Unbabel has gathered over 100 individuals they call the “fiercest customer advocates” in order to share, swap and celebrate all things CX. Three major topic themes will dominate the day:
Doing more with less
Knowing what to measure
Learning from disaster
Lean is the new mean
The industrial days are waning, and a company’s size is no longer seen as a sign of their success and impact. Increasingly, companies want to do more with less staff.
It is technology that has partly made this shift possible, thanks to everything from AI to robotics to simple automation which relieves creative and intelligent humans from dull repetitive tasks.
But when it comes to customer support, Unbabel asks the tough questions, like how can technology minimize on-hand human employment when human empathy is so crucial to helping customers?
We’re gonna need a better yardstick
For a long time, gauging the satisfaction of your customers was done with threadbare metrics called CSAT (literally, customer satisfaction).
This could be as simple as asking customers how they felt about the process of buying something or dealing with support. A most common way to do this is with a survey question, like “how was your experience?” with 1 = severely disappointed and 5 = very satisfied.
Unbabel doesn’t mince words when they write they’re “tired of relying on CSAT.” At CCC, count on many idea makers, thought leaders and superstar disruptors to share in the CSAT takedown in favor of more nuanced ways to measure customer satisfaction.
Surely some answers will follow from the Unbabel tenet that AI and HE (human empathy) need to work together.
From ashes always rising
In any business, problems will always arise, and disasters will always need to be overcome, especially when it comes to customer satisfaction.
And it’s the support and service agents who are often on the front line in such scenarios. That’s why they need to have the best tools at their disposal to put out fires and help rebuild stronger and more trustworthy customer relationships. Unbabel believes these new tools should be built with a mix of both the processing power of computers and the emotional intelligence of people.
Finally, it’s not only how to respond to disasters that will be discussed and debated, but also questions of how to prevent them, as well as what to do to prepare for them.
More importantly, however, is asking how customer service agents, with the right training and the right tools, can gain the most knowledge from working through such problems, and how to best share that knowledge throughout the whole enterprise.
Who’s who (just the tip)
The lineup of speakers is still growing, but here’s a quick rundown.
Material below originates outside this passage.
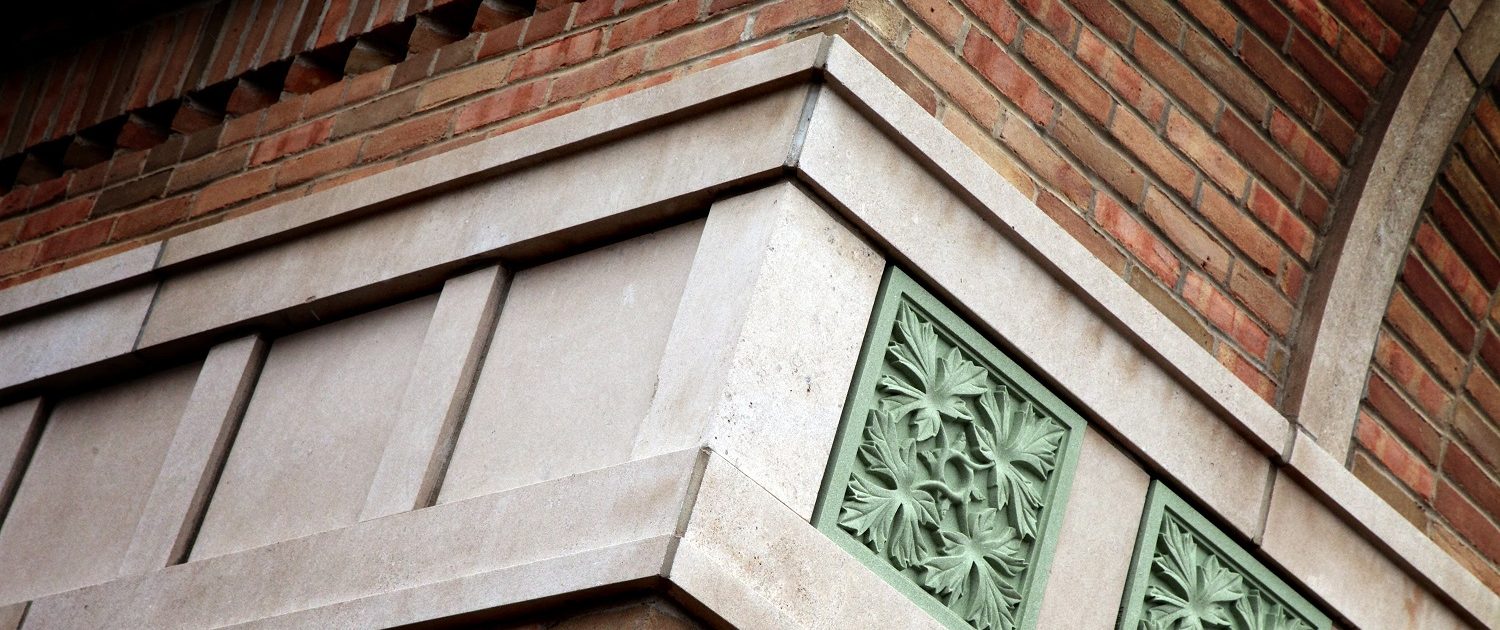State Bank of The Lakes - Round Lake State Bank of The Lakes exterior oak leaf pattern green stone detail and brick & stone masonry.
They’ve got plenty of seasoned execs:
Suri Ratnatunga is the senior director of community and support at Vimeo
As well as some great writers:
David Rowan is a former editor at WIRED UK and author of Non-Bullshit Innovation: Radical Ideas from the World’s Smartest Minds
The core beliefs of Customer Centricity
The Customer Centric Conference will let Unbabel disseminate their company’s core beliefs. The first belief is best exemplified in Unbabel’s platform: the collaboration of machines and minds.
AI and NMT can only serve us so far, and provide business insights so deep, until hitting a wall which only an empathetic human can break through.
In other words, nobody understands real human customers like real human agents.
The second core belief is that for a company to operate as efficiently as possible, there needs to be more cross-departmental knowledge sharing. This is just as true regarding a better customer experience as it is for things like new product R&D, marketing campaigns and logistical organization.
This is because people—whether sales reps, marketers or support agents—are not just one-dimensional functionaries of their respective departments.
Knowledge is a living, growing thing, and the more people feed it with different insights, the more everyone gains from its collective wisdom.